-

    I'm Right Again Dot Com    August 9, 2017

 

A NEW COMMENTARY EACH WEDNESDAY — A VIRTUAL PUBLICATION  OF THE ANONYMOUS ANYTHING SOCIETY


LET'S GET OUT OF AFGHANISTAN

    In the past nine years, there have been 2,386 American military deaths and 20,049 wounded in Afghanistan. There would have many more, if military medicine had not made the advances it has since 1970. Beyond this awful price, what has the $4.79-Trillion the Watson Institute of Brown University says the US has wasted in Afghanistan in the past decade, gained us? Once we got bin Laden, we should have declared ourselves winners and without hesitation, brought everyone home.

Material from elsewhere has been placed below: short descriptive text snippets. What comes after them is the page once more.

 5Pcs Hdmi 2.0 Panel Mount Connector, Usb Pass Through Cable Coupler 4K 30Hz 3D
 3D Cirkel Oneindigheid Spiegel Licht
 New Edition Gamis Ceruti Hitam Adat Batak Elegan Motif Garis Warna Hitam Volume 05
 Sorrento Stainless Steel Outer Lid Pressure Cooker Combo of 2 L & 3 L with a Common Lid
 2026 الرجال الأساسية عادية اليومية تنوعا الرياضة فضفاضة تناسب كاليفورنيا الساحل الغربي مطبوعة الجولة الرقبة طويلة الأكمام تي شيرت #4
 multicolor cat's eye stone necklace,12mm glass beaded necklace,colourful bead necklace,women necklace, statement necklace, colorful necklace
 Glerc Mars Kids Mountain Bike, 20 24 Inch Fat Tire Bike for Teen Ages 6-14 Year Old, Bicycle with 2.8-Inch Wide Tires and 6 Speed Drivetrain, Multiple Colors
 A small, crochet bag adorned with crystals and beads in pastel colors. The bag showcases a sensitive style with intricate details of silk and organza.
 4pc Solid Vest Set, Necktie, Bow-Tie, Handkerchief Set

    The word from the Pentagon is that the generals want another 3,000 to 6000 troops in Afghanistan. What will this accomplish that nine years of blood, sweat and tears has not? Remember that both Great Britain, at the height of its power, and most recently Russia, failed miserably in their attempts to civilize a people whose sport is to fight ruthlessly over a desiccated, dead calf in a giant melee' while mounted; whose principal incomes are derived almost entirely from the cultivation of opium poppies.

    Remember the former Afghan President, Hamid Karzai, with the big cape and lambs-wool Nehru cap; sitting up there in the balcony of Congress with Michelle Obama, while her husband addressed Congress? Multi-millionaire Karzai is now bad-mouthing the US. due to regrettable casualties suffered by civilians among whom the Taliban are hiding. He certainly was never much help when he was in office, and neither was the impotent, corrupt, less than useless Afghan army.

     The Afghan people do not have the will to save their nation. For us to continue trying to do so for them is an exercise in futility.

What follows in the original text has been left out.